|Publication number||US4688593 A|
|Application number||US 06/809,645|
|Publication date||Aug 25, 1987|
|Filing date||Dec 16, 1985|
|Priority date||Dec 16, 1985|
|Publication number||06809645, 809645, US 4688593 A, US 4688593A, US-A-4688593, US4688593 A, US4688593A|
|Inventors||Ronald E. Pringle, Arthur J. Morris|
|Original Assignee||Camco, Incorporated|
|Export Citation||BiBTeX, EndNote, RefMan|
|Patent Citations (12), Referenced by (17), Classifications (18), Legal Events (8)|
|External Links: USPTO, USPTO Assignment, Espacenet|
In many wells, such as oil and gas wells, a submersible pump, such as an electrically operated pump, is requried to pump fluid from the well to the surface. In these wells it has been necessary to utilize a reverse flow check valve in the tubing string above the pump to prevent backflow of the well fluid to the formation when the pump is shut down. Backflow of the production fluid to the formation is generally not desirable as it sometimes results in formation damage. Another reason for the use of the reverse flow check valve is that reverse fluid flow through most electrical submersible pumps results in pump damage. Presently the reverse flow check valves being generally used consist of a ball and seat. However, this type of valve has short life due to the continuous contact of the production flow path with and erosion of the valve ball and seat.
The present invention is directed to the provision of a reverse flow check valve which is dependable, has a long life and one in which reverse flow pump through capabilities can be provided if it is desired to kill the well.
The present invention is directed to a reverse flow check valve for a well which includes a housing having a bore and is adapted to be placed in a well. Valve closure means are provided in the bore moving between open and closed positions for allowing upward flow of fluid through the bore but preventing downward flow of fluid through the bore. A flow tube is telescopically movable in the housing upwardly for opening and protecting the valve closure member and seat and downwardly for actuating the closing of the valve closure means. Means are connected to the flow tube for biasing the flow tube downwardly for closing the valve and pressure responsive means is connected to the flow tube for moving the flow tube upwardly in response to an upward flow rate pressure drop for opening the valve closure means. The housing has a port between the bore and the outside of the housing. The valve closure means is releasably connected to the housing and initially blocks the port but can be moved downwardly for opening the port for allowing the valve to pump fluid downwardly through the valve if desired.
Still a further object of the present invention is wherein the biasing means is a weight which when the valve starts to open requires no additional force to continue the travel to a full opening position.
Still a further object of the present invention is wherein the pressure responsive means is an expandable and contractable restriction connected to the flow tube and extending into the bore.

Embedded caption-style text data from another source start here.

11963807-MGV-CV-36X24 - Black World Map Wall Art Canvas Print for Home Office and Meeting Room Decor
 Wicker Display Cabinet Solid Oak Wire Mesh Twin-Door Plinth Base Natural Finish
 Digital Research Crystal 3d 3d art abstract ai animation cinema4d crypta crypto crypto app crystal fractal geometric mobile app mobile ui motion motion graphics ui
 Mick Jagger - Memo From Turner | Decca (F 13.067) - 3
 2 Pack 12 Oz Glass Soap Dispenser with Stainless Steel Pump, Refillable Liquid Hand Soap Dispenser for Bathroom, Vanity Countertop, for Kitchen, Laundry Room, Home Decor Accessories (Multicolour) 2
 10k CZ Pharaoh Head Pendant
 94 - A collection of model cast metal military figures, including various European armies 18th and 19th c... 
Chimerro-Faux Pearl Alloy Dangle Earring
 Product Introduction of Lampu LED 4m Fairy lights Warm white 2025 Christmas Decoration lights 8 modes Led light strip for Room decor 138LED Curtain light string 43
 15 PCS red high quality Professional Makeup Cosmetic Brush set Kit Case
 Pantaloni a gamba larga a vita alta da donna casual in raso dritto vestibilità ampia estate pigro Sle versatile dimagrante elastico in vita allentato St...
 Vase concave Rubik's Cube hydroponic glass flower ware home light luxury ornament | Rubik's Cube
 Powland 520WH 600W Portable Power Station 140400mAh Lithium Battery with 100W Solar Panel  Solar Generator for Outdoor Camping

Yet a still further object of the present invention is wherein the valve closure means includes a valve element and a valve seat connected to a support which is releasably connected but movable in the housing for initially blocking the port but which can be moved downwardly by fluid pressure to uncover the port.
Still a further object of the present invention is wherein spring means are provided between the housing and the support for moving the valve closure means past the port when the support is released from the housing.
Still a further object is the provision of a reverse flow check valve for use in a well above a submersible pump. The valve includes valve closure means in a bore in a housing in which the valve closure means includes a valve element, and a valve seat connected to a support. The housing includes a port between the bore and the outside of the housing. The valve support is releasably connected to the housing and initially blocks the port but upon release moves downwardly to uncover the port. A flow tube telescopically moves in the housing upwardly and downwardly for actuating the valve closure means. Biasing means acts on the flow tube downwardly for closing the valve and a variable radially retractable choke moves the flow tube upwardly in response to upward fluid flow in the bore. The choke includes a plurality of segments movable into and out of the bore by biasing means yieldably urging the segments into the bore.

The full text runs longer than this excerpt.